Table 2. Voice-sensitive peak voxels of female and male group analysis (MVPA).

Female vs. Male Contrasts

The contrast of activation maps (univariate analysis) or classification accuracy maps (multivariate approach) from males and females revealed no significant voxels with greater parameter estimates for males > females at the chosen statistical significance threshold (p < 0.05, FWE-corrected) for either analysis methods. The reverse contrast (female > male), however, revealed significant voxel clusters showing greater parameter estimates for univariate analysis and higher classification accuracy for MVPA in female participants (Figure 2).

FIGURE 2

Figure 2. Contrast between female > male (red). (A) Univariate analysis showing significant female > male difference (two-sample t-test, FWE-corrected, p < 0.05) in the left posterior part of the superior temporal gyrus (STG) and the right anterior STG. Contrast estimates at peak voxel showing stronger activation in females (black) as compared to males (gray) in response to vocal vs. non-vocal sounds. (B) MVPA showing significant classification accuracy above chance level in the right middle part of the middle temporal gyrus (MTG) and the right middle STG as well as in the left middle MTG with higher average classification accuracy in females (black) than in males (gray) (maximum intensity projection of t-statistic image threshold at FWE-corrected p < 0.05, as determined by permutation distribution with 10,000 permutations).

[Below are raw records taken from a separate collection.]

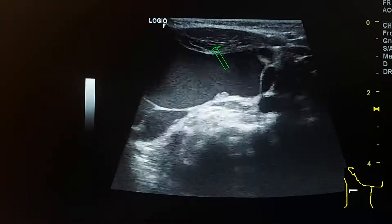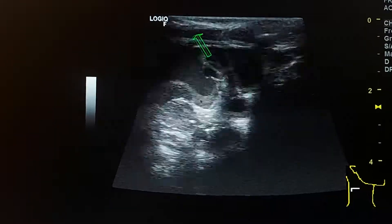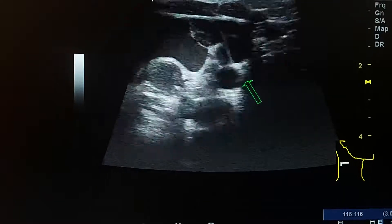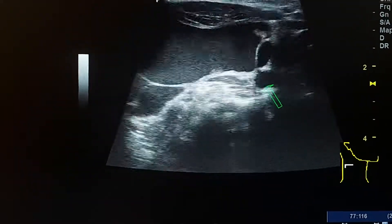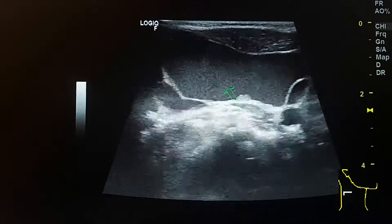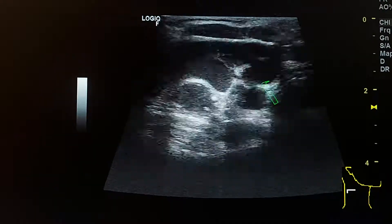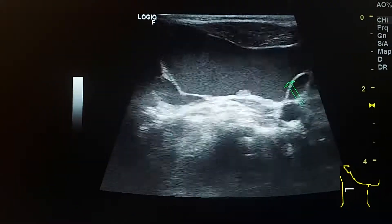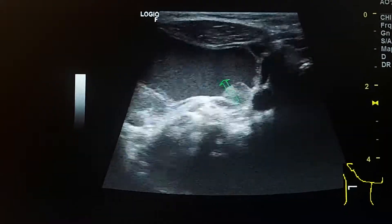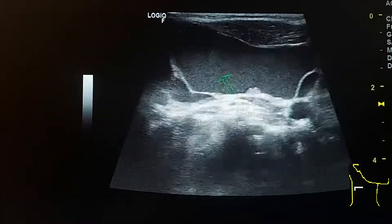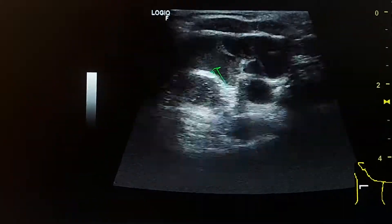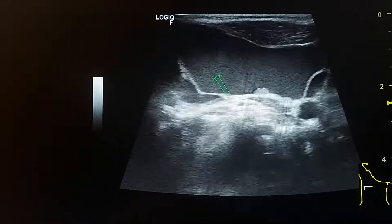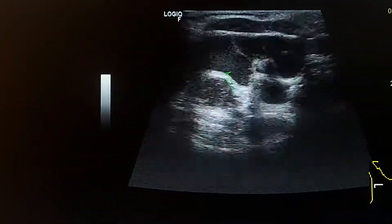Here is the sternocleidomastoid muscle. This is the common carotid artery. We see a small locule here, which is anechoic, while this large cystic lesion here is a little bit hyperechoic.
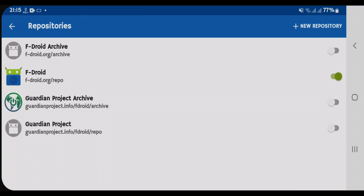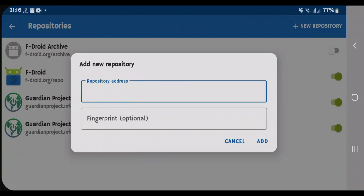You can enable any other repository here by toggling on these options. Now, if you want to add more or custom repositories, tap on New Repository — you're going to need the repository address or URL of the repository.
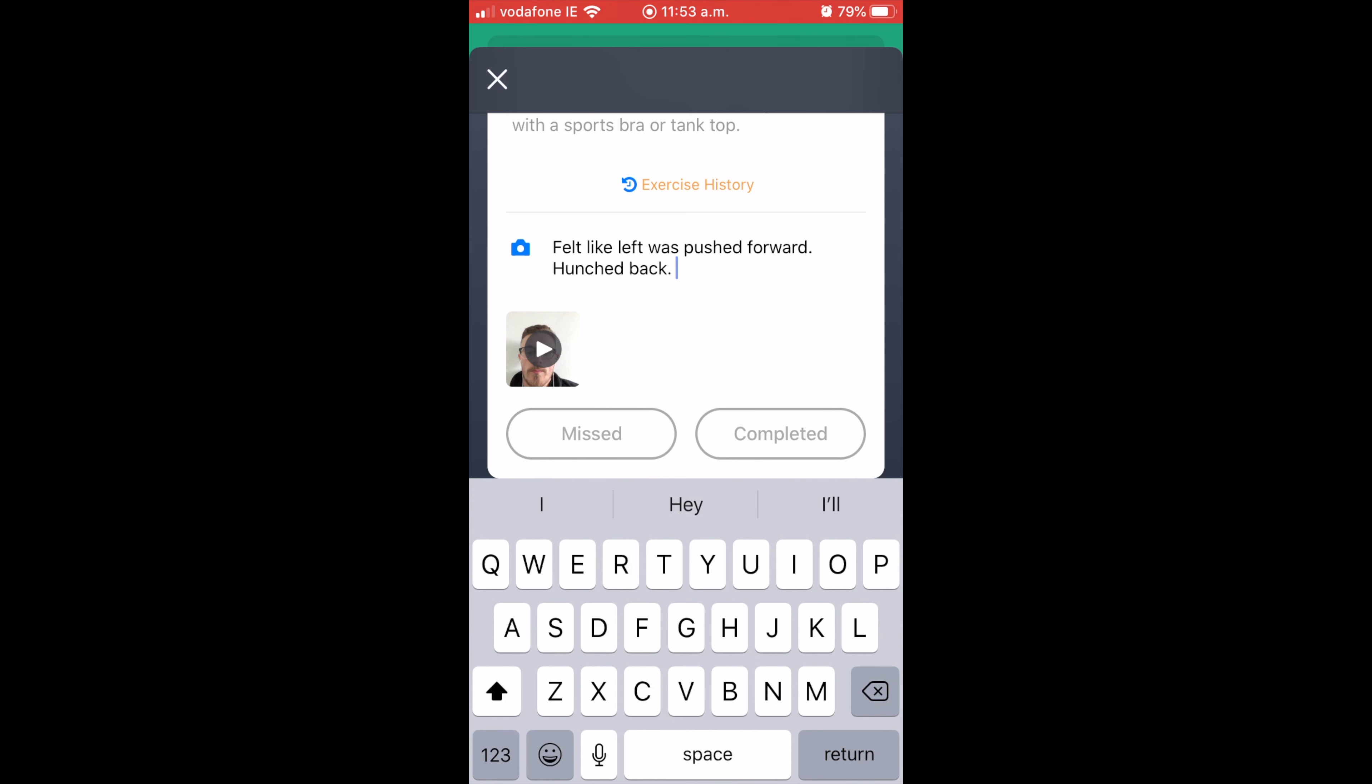So from here, I can say whether or not I missed an exercise. This is just in the future. Like, let's say for example, during a program, you have to run or you need to skip something. We maybe told you to reduce something if you're feeling a bit of pain or something like that, you can click missed. Or obviously if it's done, you can click completed.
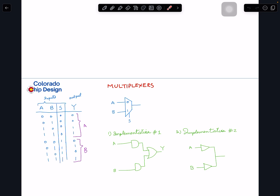When the logic value on the select line is zero, the output becomes A — it's like A goes to the output. You enable a switch so whatever value A has, the output follows: if A is zero, output is zero; if A is one, output is one. Similarly, if select is one, then the B signal goes to the output, independent of whatever value A has.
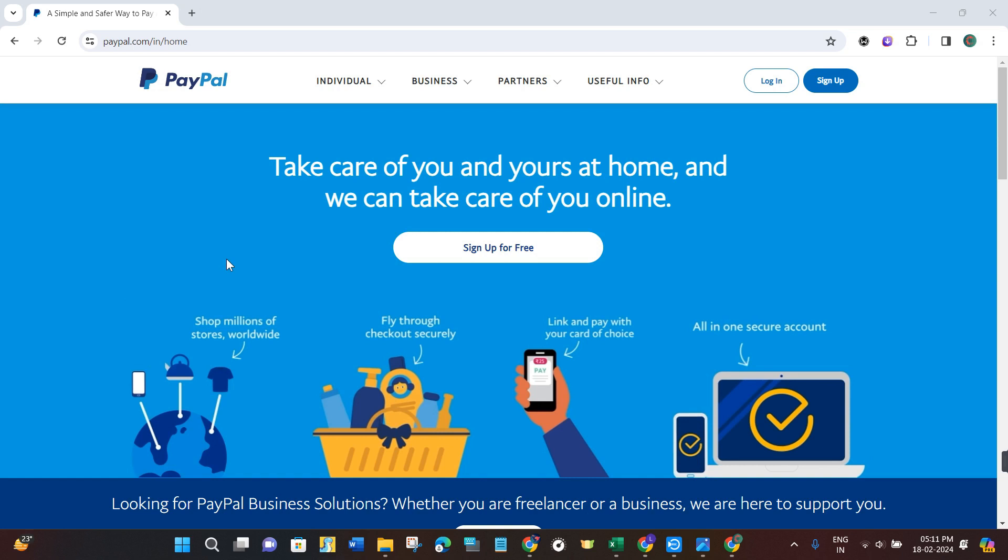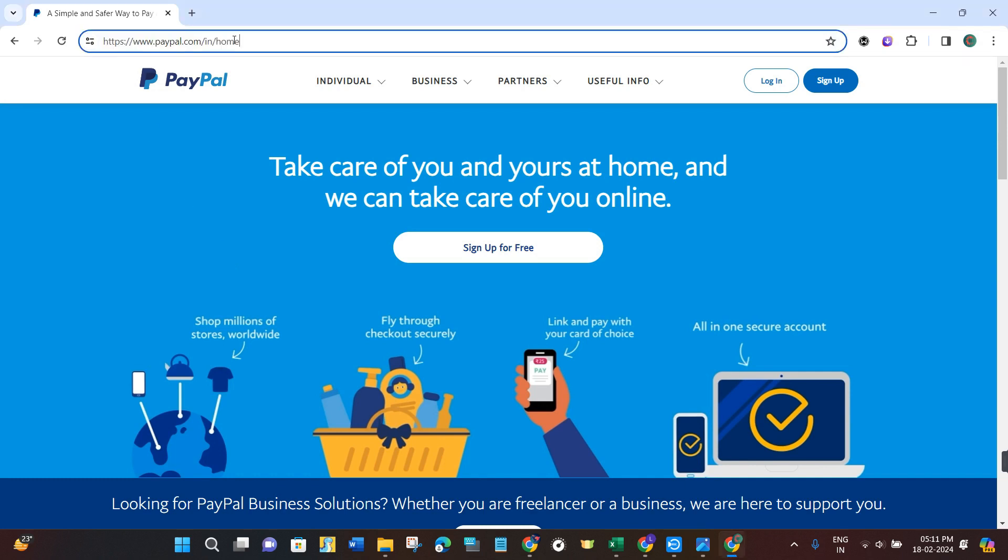First of all, you just have to open your web browser in your PC or in your mobile device. In the search bar, you simply need to type paypal.com.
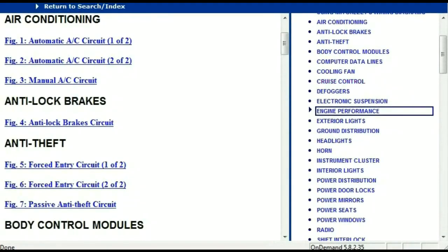Once the document is landed in your hands, it's going to look like this. It has got different chapters, and those chapters are different units within the vehicle which have got electrical circuits.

The (yellow) cluster shows the mask including voxels with significantly above chance classification accuracy in both females and males (p < 0.01 uncorrected).

When analyzed with the univariate approach (Figure 2A) the contrast female > male yielded only a few significant voxels: One cluster consisted of four voxels in the left posterior part of STG and only one voxels in the right Insula (Figure 2A, Table 3). The corresponding contrast estimates for the reported peak voxels (MNI coordinates left: x = −48, y = −34, z = 16, cluster size 4, T-value = 4.02; right: x = 48, y = 2, z = −5, cluster size = 1, T-value = 4.04) showed a positive response for females in both hemispheres and for the left hemisphere in males. The Cohen's d effect size values (d = 0.48 and 0.49) suggested a moderate difference at the peak voxel (Table 3). Overall, females showed a stronger activation in response to vocal vs. non-vocal sounds as compared to males at both maxima (Figure 2A).

TABLE 3

Table 3. Peak voxels of female > male contrast for univariate analysis and MVPA.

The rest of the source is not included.